本当に、ある意味ベタ甘な物語でしたね……
ご訪問&コメントありがとうございます!
あ~それは分かります。あの言葉にはいろんな意味が込められているようで胸に残りますね。
ニマニマとはならないんですが、やっぱりこれも「ベタ甘」ですよね~。
TBありがとうございました。
こちらからもお返しいたします。
>「どこまでだと思います?」そんな有川さんのセリフが聴こえたような気がした。
これは、読んだらみんな思うはず。
・・・・・だけど、
もしも・・・・・もしもサイン会なんかで有川さんに会えたとして、
『どこまで本当なんですか?』
なんて・・・・・・聞けませんよねぇ。
こちらこそ、ご無沙汰してました。TB&コメントありがとうございます!
襟首つかんで、聞いてみたいですけどね~(笑)出来ないでしょうねぇ^^;;;
今回もこっていましたねー。そして、泣かされましたねー。
夫婦愛の美しさと激しさに、ぐらぐら揺さぶられました。
創作なんですが、どう読んでも、のろけ話に感じられてしまうという……。
有川作品の中でも、記憶に残る一冊になりそうですね。
うんうん、ホントにね。ぐらぐらだったよねー。
そして、私も「のろけか!?」と心で突っ込みながらの読書でした(笑)
衝撃度では有川作品中ぴか一☆だね。
ホント、ご本人に聞いてみたい衝動にかられますね。猫とかも(笑)
まさに「本当の愛」を見せられた気がしますね。彼女の強い意志や深い愛情に圧倒されまくりました。辛いお話でしたが、こういう風に人を愛する事が出来たという意味では、幸せな二人なんだろうな~と思えましたね。
ですよね、ですよね。
「どこまでが本当か」は作者である有川さんから、私たち読者へ投げかけられた、最大の謎でありプレゼントだと思いません?
こういう風にするっと書けてしまう有川さんは、ホントにすごいなぁ・・・と思います。
のろけ・・・(笑)。確かにのろけだ(笑)。
器の大きい人だなあ(#^.^#)。
そうですね。有川さんからの最大の謎でありプレゼントですね!この作品を読んで、ますます有川ファンになりました。ホントすごいですね。

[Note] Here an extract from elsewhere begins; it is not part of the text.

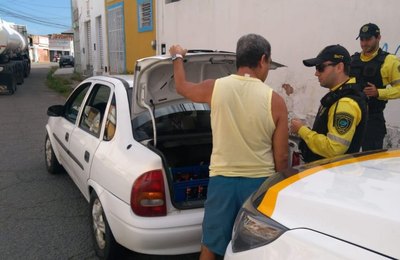 Veículos são removidos por transporte irregular de passageiros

夫婦の愛が溢れまくってる作品でしたよね。やっぱりのろけですね(笑)
Aの方が、憤りを感じてイライラしながら読んでいたので、Bの方は、言い方は変かもしれませんが、安心して読めました。
2つのまったく別の物語でしたよね。
最後の言葉は私の頭の中でもずっとこだましています。
そうか、読者への最大の謎でありプレゼントか・・・
そう考えるといいかもですね。
ただ、やっぱり気になります・・・。
大きくて深い夫婦愛を感じました。
全部が有川夫妻の事ではないと思いますが、本当に素敵なご夫婦なんだろうなと思いますよね^^
おぉ!早速、読まれたんですね~。
最後の言葉は気になりますよね~!聞いてみたい気もしますが、聞かない方がいいんでしょうね、やっぱり。
夫婦の深い愛情を感じられる作品でしたね。「お話」だとは思いつつ、有川さんご夫妻もきっと素敵なご夫婦なんだろうな~と思えますよね。
ほんと、どこまでがリアルなの!と。
すごく切ないんだけど、こんな風に互いを想いあえる夫婦っていいなあってほっこりしたり。
全体的に・・・有川さんは強くあろうとしている人なんだろうな、という印象を受けて、そんな有川さんを旦那様が支えてるんだなと切なくも幸せな気持ちになりました。
どこまでが本当なんでしょうね~。やっぱり気になりますよね。
切なさも半端なかったですが、夫婦の強い想いを感じられる作品でしたね。きっと、有川さんも旦那様とそんな関係を築かれてるんだろうなぁと思えたし、幸せな気持ちにもなれましたね。